Wenn ein Arbeitgeber oder eine Arbeitgeberin ein Problem damit hat, dass Kinder eine wichtige Rolle im Leben einer Frau spielen, dann muss sich jede Mutter überlegen, ob das der richtige Arbeitgebende ist.

 

Ist es kein Problem, wenn sich z.B. eine Frau mit drei kleinen Kindern auf eine „stressige“ Stelle bewirbt und sich erst im Vorstellungsgespräch outet?

 

Für mich persönlich nicht. Wenn sich eine Mutter auf diese Stelle bewirbt, dann hat sie sich damit auseinandergesetzt und überlegt, ob sie die Anforderungen leisten kann.

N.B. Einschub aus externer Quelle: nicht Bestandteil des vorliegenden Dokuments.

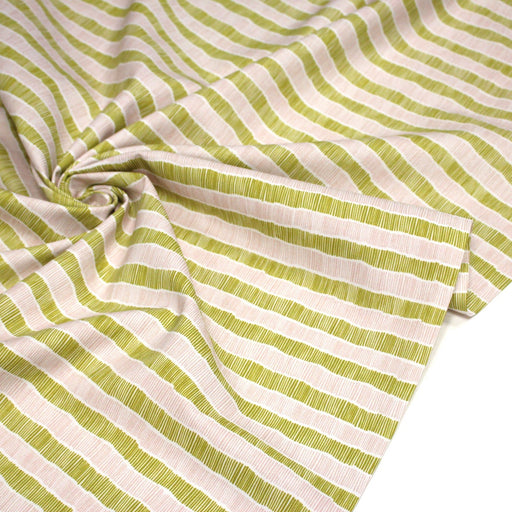 Tissu cotonnade blanc aux fines rayures & traits roses et bronze - OEKO - TEX - TissusPapi.com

Und wenn mich die Frau im Gespräch überzeugt, dann sind für mich die Kinder kein Hemmnis.

 

Haben Sie noch einen Mutmach-Tipp?

 

Aus meiner Praxis weiß ich, dass Frauen in der Bewerbungsphase oft sagen, was sie alles nicht können. Ich glaube, es ist wichtig, dass sie sich bewusst machen, was sie alles können oder was sie noch lernen können und wo sie sich schnell einarbeiten. Wenn eine Frau sieht, dass sie nur 50 Prozent von dem beherrscht, was in der Stellenausschreibung steht, dann traut sie sich den Job nicht zu. Ein Mann sagt: 50 Prozent? Den Rest kann ich lernen! Und:

"Seien Sie einfach selbstbewusst und gehen Sie mutig in die Bewerbung!"

 

Wir danken für das Gespräch!

 

CV ist die Abkürzung für "Curriculum Vitae", übersetzt Lebenslauf.